(Information supplied)

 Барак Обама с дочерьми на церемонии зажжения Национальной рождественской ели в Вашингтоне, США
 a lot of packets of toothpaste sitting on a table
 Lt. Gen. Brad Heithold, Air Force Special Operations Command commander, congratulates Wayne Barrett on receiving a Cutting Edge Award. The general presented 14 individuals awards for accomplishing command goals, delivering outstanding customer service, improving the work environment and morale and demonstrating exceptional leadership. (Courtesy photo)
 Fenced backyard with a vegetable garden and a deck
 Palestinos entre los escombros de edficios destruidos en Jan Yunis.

(End Information supplied)
(Information supplied)

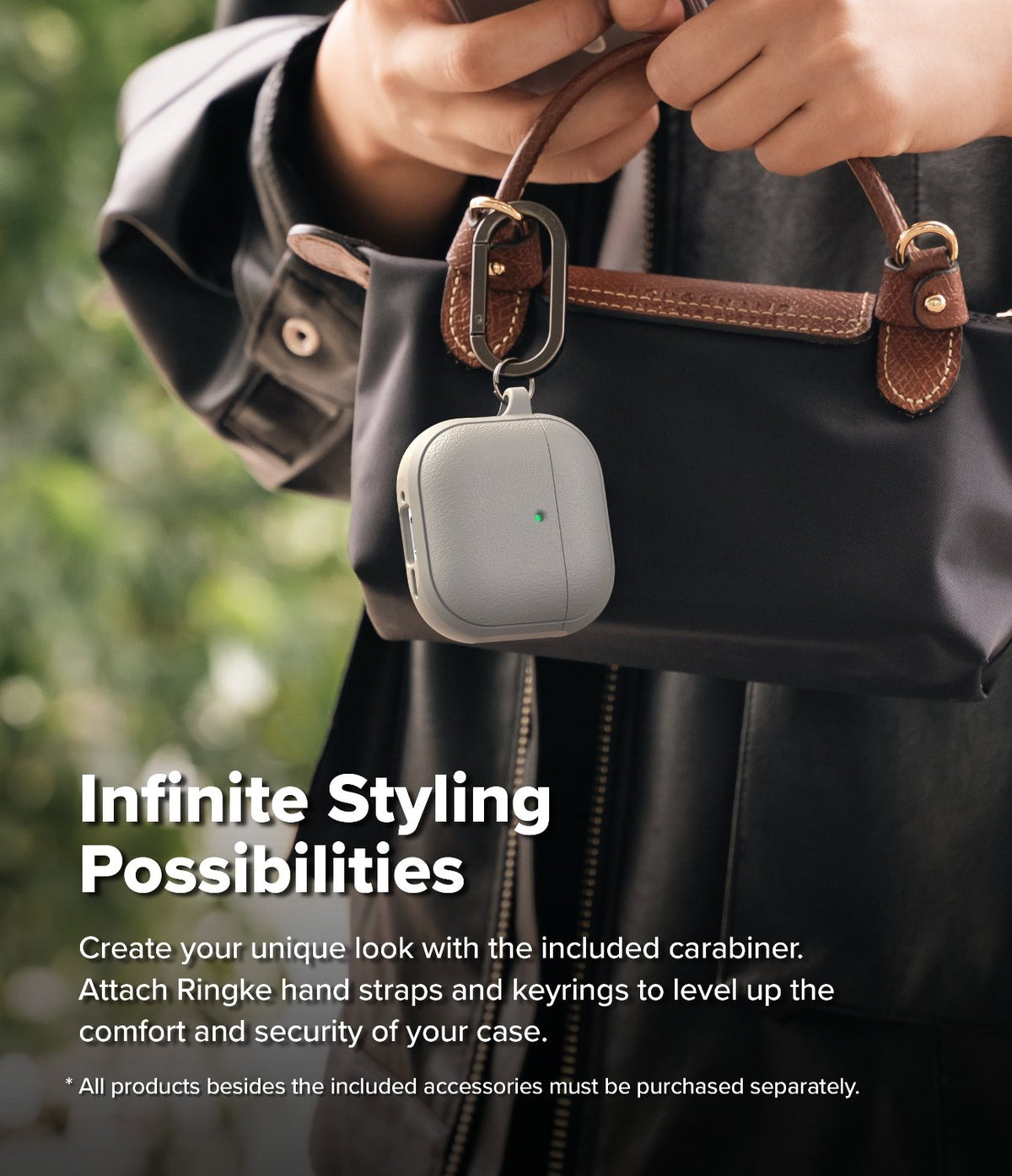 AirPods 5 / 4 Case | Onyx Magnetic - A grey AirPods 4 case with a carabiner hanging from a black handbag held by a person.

(End Information supplied)

- Directions
From the listing above, return the lines starting at the one with "Барак Обама с" and ending at the one with "Palestinos entre los", both kept, exactly as they appear and nothing more.

- Task output
 Барак Обама с дочерьми на церемонии зажжения Национальной рождественской ели в Вашингтоне, США
 a lot of packets of toothpaste sitting on a table
 Lt. Gen. Brad Heithold, Air Force Special Operations Command commander, congratulates Wayne Barrett on receiving a Cutting Edge Award. The general presented 14 individuals awards for accomplishing command goals, delivering outstanding customer service, improving the work environment and morale and demonstrating exceptional leadership. (Courtesy photo)
 Fenced backyard with a vegetable garden and a deck
 Palestinos entre los escombros de edficios destruidos en Jan Yunis.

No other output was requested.